You might expect more verisimilitude from a space that was once the commissary of Kaufman Astoria Studios, where Rudolph Valentino and W.C. Fields supped on cafeteria cooking. And it still feels like an industry dining room—a better working lunch certainly than the Panera Bread, Subway or Uno’s right around the corner, but not quite a new Queens destination.
There are some real talents behind the scenes: former Waldorf-Astoria chef John Doherty consulting on food, mixology team Jim Kearns and Lynnette Marrero of Freemans and Peels advising on drinks. And while the latter duo’s skill comes through in the glass, the food is drab and uneven.
Doherty’s menu, conceived with executive chef Richard Pims (Chez Josephine, RM), might be appropriate for a banquet in a deluxe hotel ballroom, but it’s an odd fit in this intimate space. A salad of baby spinach and warm bacon nuggets is exactly what it sounds like, a deft yet dull classic. The oysters Rockefeller plays it just as straight—three tasty but flat bivalves, gently baked in their shells with cheese, spinach and leeks.

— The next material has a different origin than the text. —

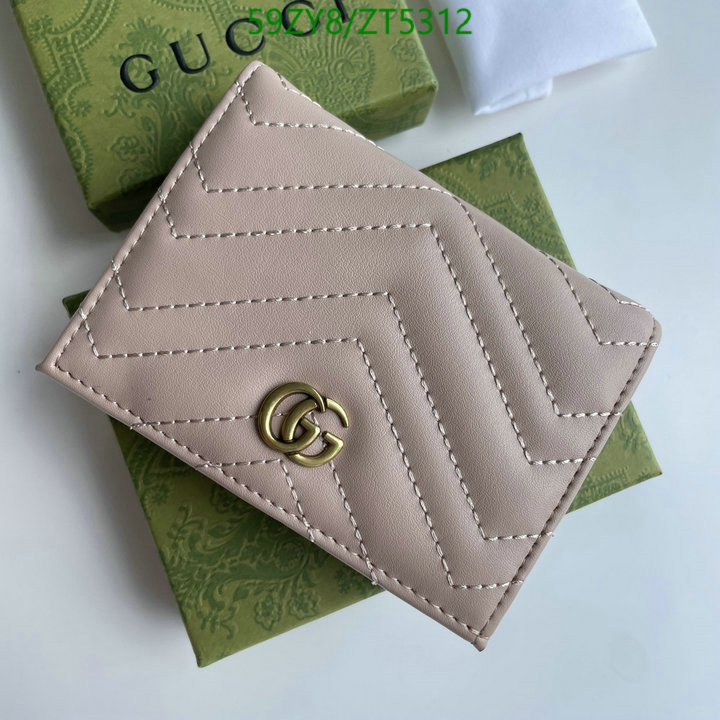 Gucci Bag-(4A)-Wallet-,Code: ZT5312,$: 59USD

There’s more sparkle in a rich garlic-cream soup with flaked cod and house-cured pancetta—an elegant spin on the Scottish finnan haddie.
Our tastes have evolved in the eons gone by since lobster Thermidor reigned as a ubiquitous splurge. The version served here certainly makes a grand entrance—the broiled two-pounder nearly too big for its plate—but the tough, salty meat, in pasty cheese sauce, is a poor argument for a 21st-century comeback. Beef Stroganoff, another ponderous dinosaur, fares better, its buttery egg noodles topped with fork-tender short rib instead of the usual sautéed scraps of steak.
The vintage desserts hark back to a time when sweet, rich, excessive and French were the big-ticket norms, when crêpes suzette still passed for exotic and soufflés came topped (as they are here) with ice cream and chocolate sauce. This memory-lane cooking might be good fun if it were, in the end, more exciting to eat. But nostalgia all by itself doesn’t add up to much.
Eat this: Parker House rolls, oysters Rockefeller, beef Stroganoff
Drink this: Among the retro cocktails, you’ll find homages to silent-film stars like the Fairbanks, a lemony mix of gin, dry vermouth, grenadine and apricot brandy, and delicious classics like the New Yorker, made with red wine and bourbon (each $9).
Sit here: When the basement dining room’s empty, as it often is, the place can feel bleak. Dine at the bar instead, and enjoy an easy rapport with the gregarious staff.
Conversation piece: The restaurant space retains the original tile walls and marble staircase from the 1920s, when the studios here were a hub for the silent-film industry.